Surveyor wajib menyampaikan laporan mengenai kegiatan verifikasi atau
penelusuran teknis secara tertulis kepada Direktur Jenderal setiap bulan pada
tanggal 15 (lima belas) bulan berikutnya.
Untuk bisa
memasukan Limbah Non B3 maka perusahaan
tersebut harus memiliki izin Importir Produsen (IP) Limbah Non B3. IP Limbah Non B3 merupakan produsen yang diakui oleh Menteri
Perindustrian dan Perdagangan dan disetujui untuk mengimpor sendiri limbah Non
B3 yang diperlukan semata mata untuk proses produksinya. Kewenangan pemberian
Izin Usaha Limbah Non B3 berada pada
Dirjen Perdagangan Luar Negeri, Departemen Perdagangan di Jakarta.

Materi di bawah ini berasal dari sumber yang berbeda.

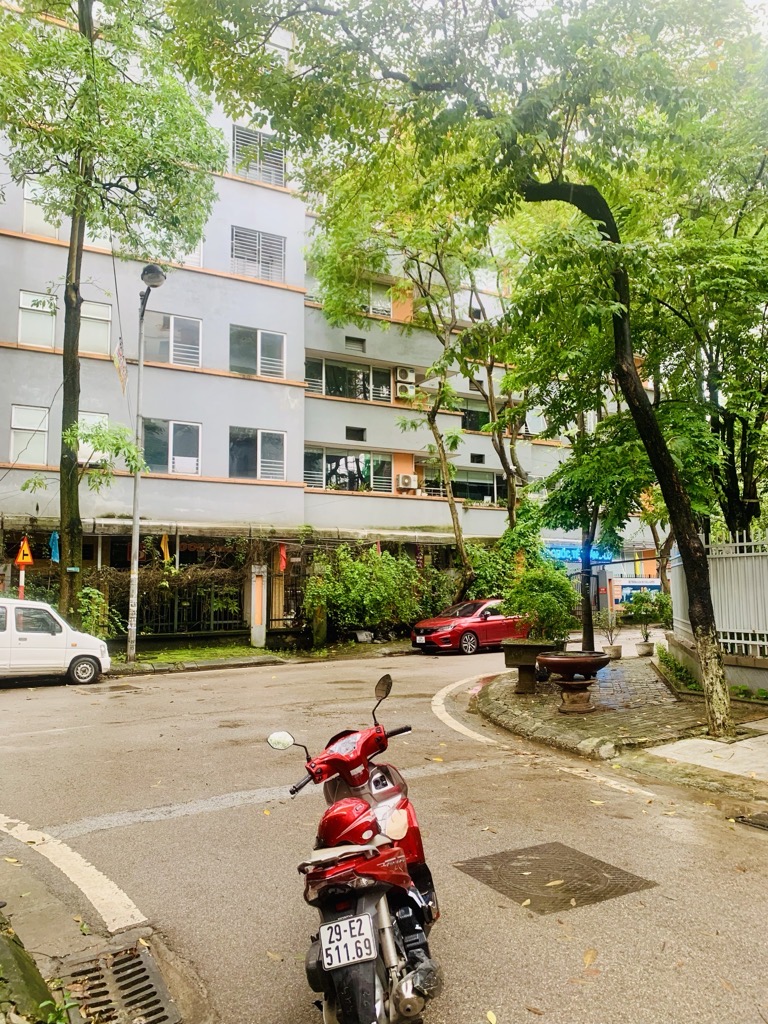 Bán nhà Bắc Linh Đàm - diện tích 230m2 5 tầng - Lô góc 3 mặt thoáng - giá 72 tỷ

Untuk mendapatkan Izin Usaha (IU) Limbah Non B3,
diajukan permohonan kepada Dirjen Perdagangan Luar Negeri dengan melampirkan
diantaranya: Surat Izin Usaha Perdagangan (SIUP), Angka Pengenal Importir Umum
(API-U), Tanda Daftar Perusahaan (TDP), NPWP, Bukti pemilikan/penguasaan gudang
penimbunan yang telah diakui oleh departemen teknis/lembaga pemerintah.
Kemudian perlu
diperhatikan/diingat, pertimbangan huruf c Peraturan Menteri Perdagangan
Republik Indonesia Nomor: 39/M-Dag/Per/9/2009 tentang Ketentuan Impor Limbah
Non Bahan Berbahaya dan Beracun (Non B3), berbunyi: “bahwa pengadaan limbah non
B3 sebagai bahan baku dan/atau bahan penolong dari sumber di luar negeri harus
tetap memperhatikan upaya perlindungan lingkungan hidup di dalam negeri,
sehingga importasinya perlu dilakukan secara terkendali dan terbatas”, --- hal
ini berarti (pertimbangan huruf c tersebut) mempunyai makna “memasukkan limbah
non B3 ke Negara Kesatuan Republik Indonesia perlu dilakukan secara ketat
dengan lebih memperhatikan dan mengutamakan upaya sistematis dan terpadu yang
dilakukan untuk melestarikan fungsi lingkungan hidup dan mencegah terjadinya
pencemaran dan/atau kerusakan lingkungan yang meliputi perencanaan,
pemanfaatan, pengendalian, pemeliharaan, pengawasan dan penegakan hukum”.
III. Menyimak uraian terdahulu, dan
memperhatikan ketentuan Pasal 69 ayat (1) huruf c UUPPLH, berbunyi:
“Setiap orang dilarang: ... c. Memasukkan limbah yang berasal dari luar wilayah
Negara Kesatuan Republik Indonesia ke media lingkungan hidup Negara Kesatuan Republik
Indonesia.”. Penjelasan Pasal 69 ayat (1) huruf c, berbunyi: “cukup jelas”,
maka unsur-unsur Pasal 105 UUPPLH, yaitu:
a. Unsur
Obyektif:
memasukkan limbah yang berasal dari luar wilayah Negara Kesatuan
Republik Indonesia ke media lingkungan hidup Negara Kesatuan Republik
Indonesia. Limbah yang dimaksud adalah non limbah B3.
b. Unsur
Subyektif:
- setiap orang
berdasarkan Pasal 1 angka (32) UUPPLH, Pengertian
setiap orang adalah orang perorangan atau badan usaha, baik yang berbadan hukum
maupun yang tidak berbadan hukum.
- dengan sengaja.
Rumusan
Pasal 105 UUPPLH tidak ada mencantumkan unsur kesalahan secara tegas, namun
demikian jika dilihat dari kata “memasukkan limbah” akan terlihat adanya
perbuatan aktif manusia yang secara pasti di dorong oleh kesadaran alam pikiran
si pelaku, dan di dorong oleh kesadaran alam pikiran si pelaku tersebut
merupakan unsur mensrea atau
kesalahan, artinya unsur kesalahan tersebut secara tersirat dianggap ada dengan
kata: “memasukkan limbah ke dalam wilayah Republik Indonesia”.